* Directions for this task:
For this exercise, output exactly and only the lines running from the one with "Vitamin E enriched" through the final line of the data below, without pictures.
(Beginning of Exercise data)
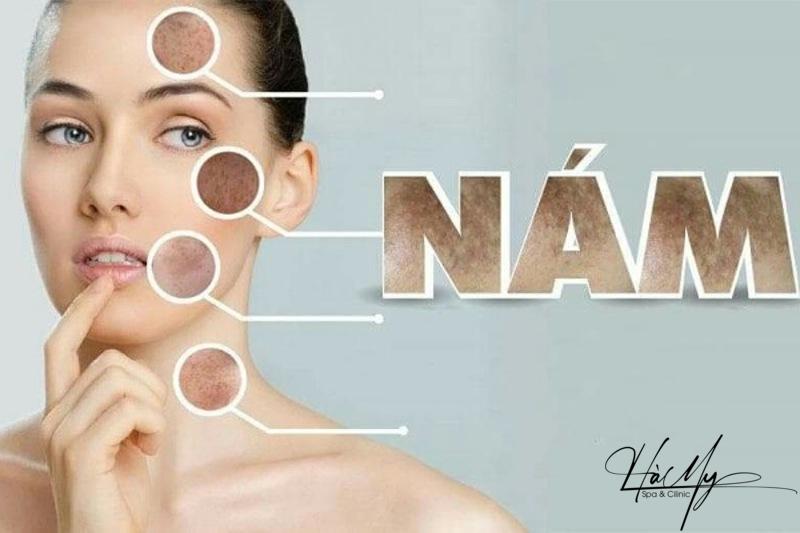 Hướng dẫn các bước chăm sóc da nám bạn cần biết 6 Các loại nám có thể xuất hiện (Nguồn: Internet)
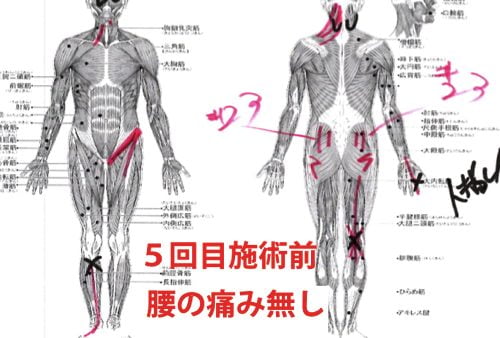 広島-椎間板ヘルニア治療-ヘルニアが治ると有名な整体院9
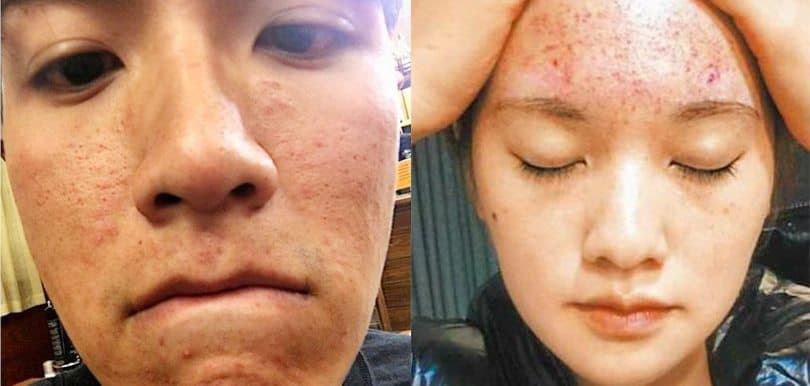 【3個你不知道的純天然護膚品牌】要注意敏感肌其實是亂塗出來的！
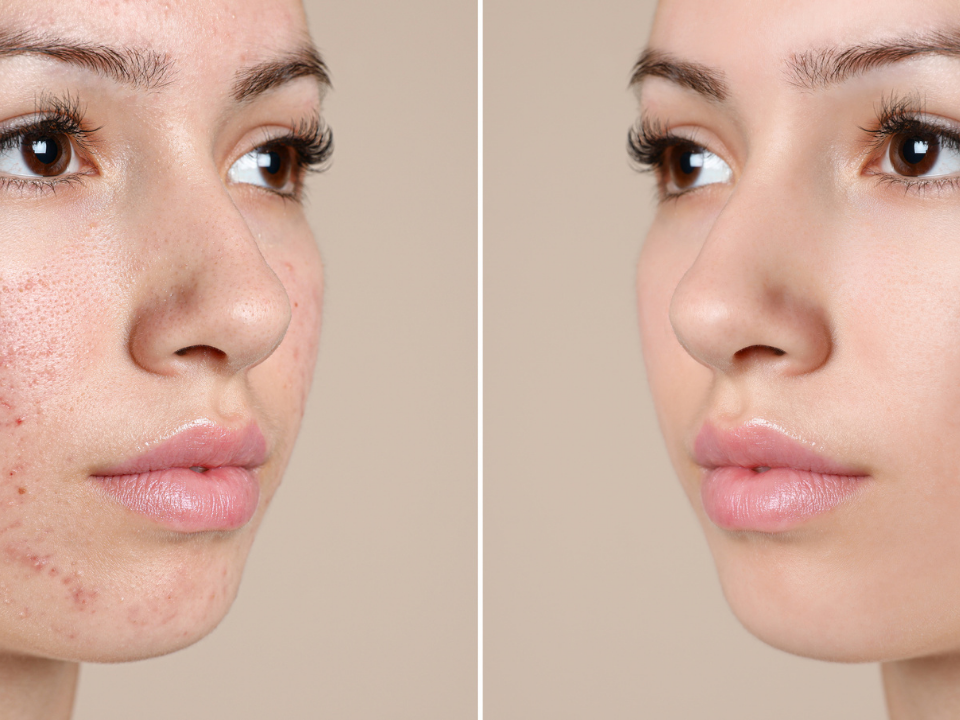 5 Ways MD GLAM Helps Your Acne Scars: Rejuvenating and Restorative Skincare System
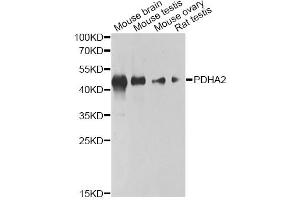 Western blot analysis of extracts of various cell lines, using PDHA2 antibody (ABIN6293728) at 1:1000 dilution. (PDHA2 抗体)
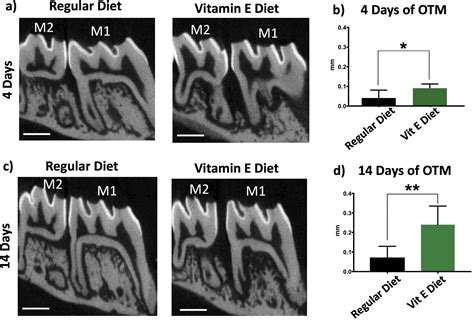 Vitamin E enriched diet increases the rate of orthodontic tooth movement - American Journal of ...
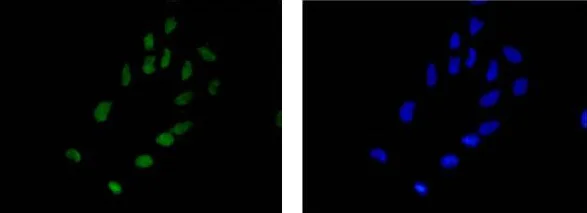 Immunocytochemistry/ Immunofluorescence - Anti-Alpha B Crystallin antibody [EPR2752] (AB76467)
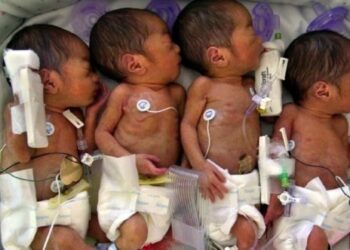 Una mujer esperaba septillizos, pero dio a luz a nueve bebés
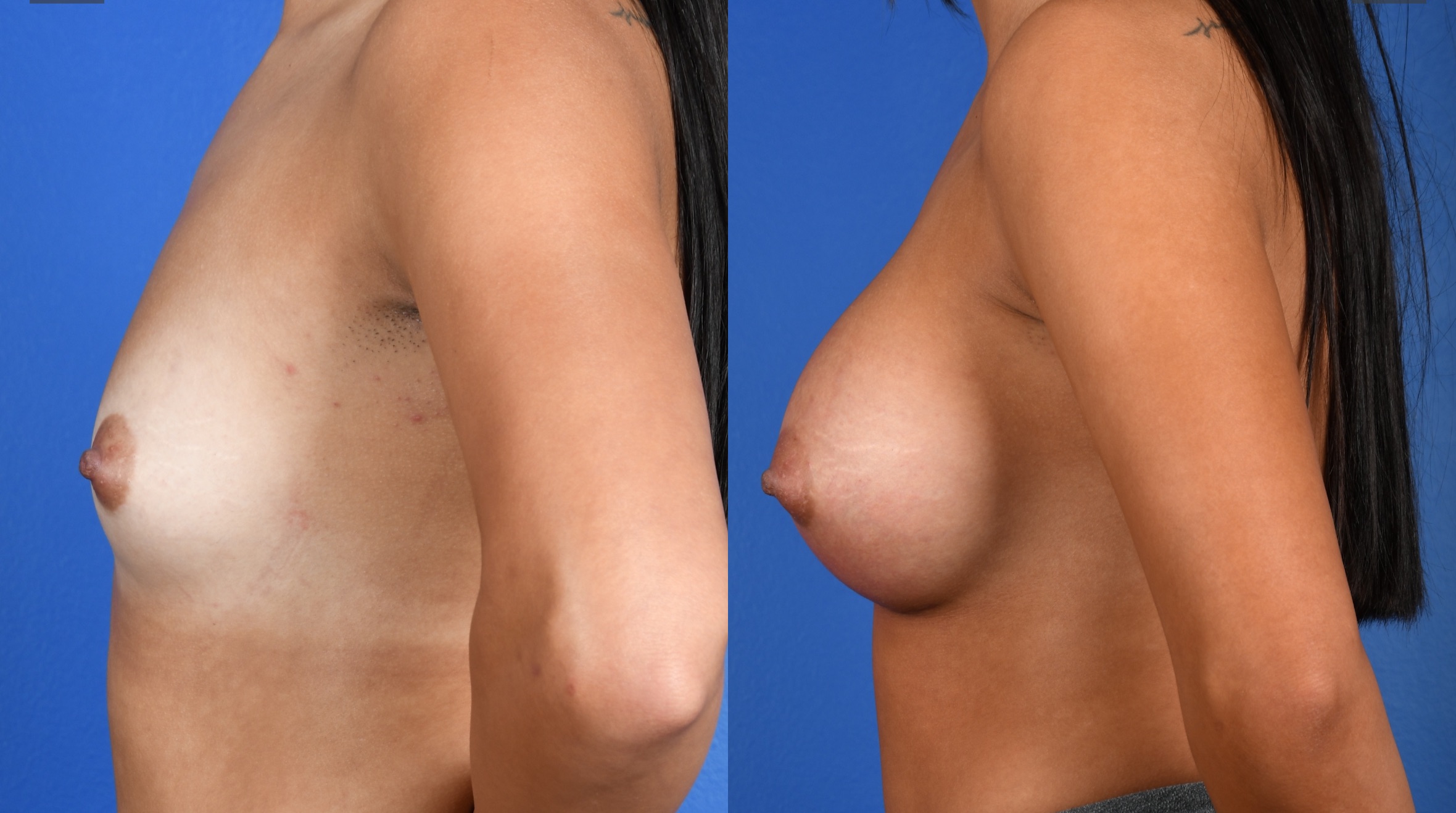 Before and After Image: Breast Augmentation – Silicone - left-side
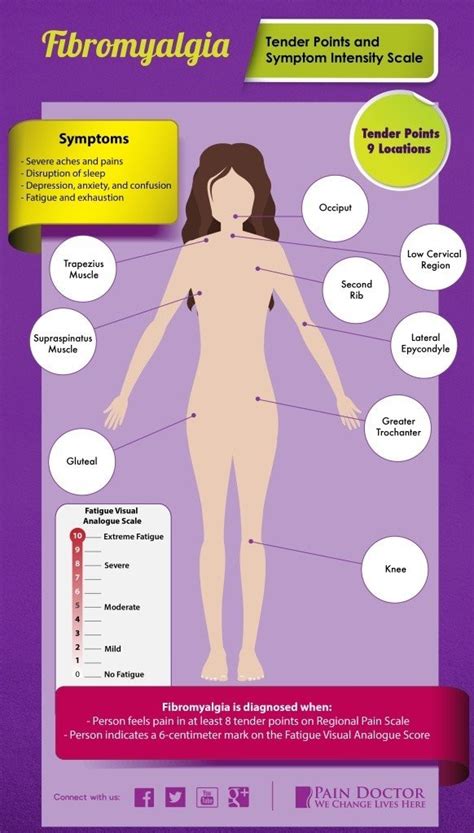 50 Signs Of Fibromyalgia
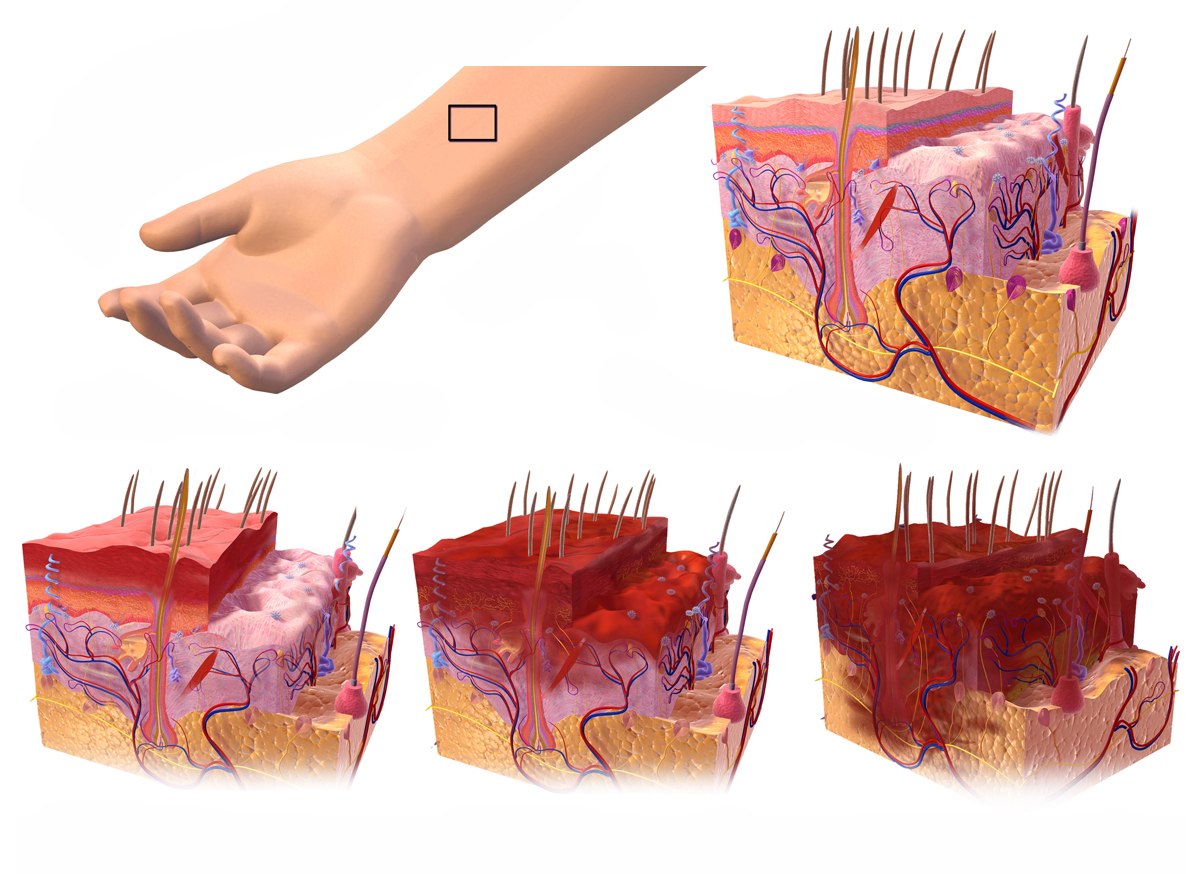 Blausen Medical illustration: blocks of skin showing normal skin and first, second and third degree burn damage deepening through the layers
(End of Exercise data)
* Output of the exercise:
 Vitamin E enriched diet increases the rate of orthodontic tooth movement - American Journal of ...
 Immunocytochemistry/ Immunofluorescence - Anti-Alpha B Crystallin antibody [EPR2752] (AB76467)
 Una mujer esperaba septillizos, pero dio a luz a nueve bebés
 Before and After Image: Breast Augmentation – Silicone - left-side
 50 Signs Of Fibromyalgia
 Blausen Medical illustration: blocks of skin showing normal skin and first, second and third degree burn damage deepening through the layers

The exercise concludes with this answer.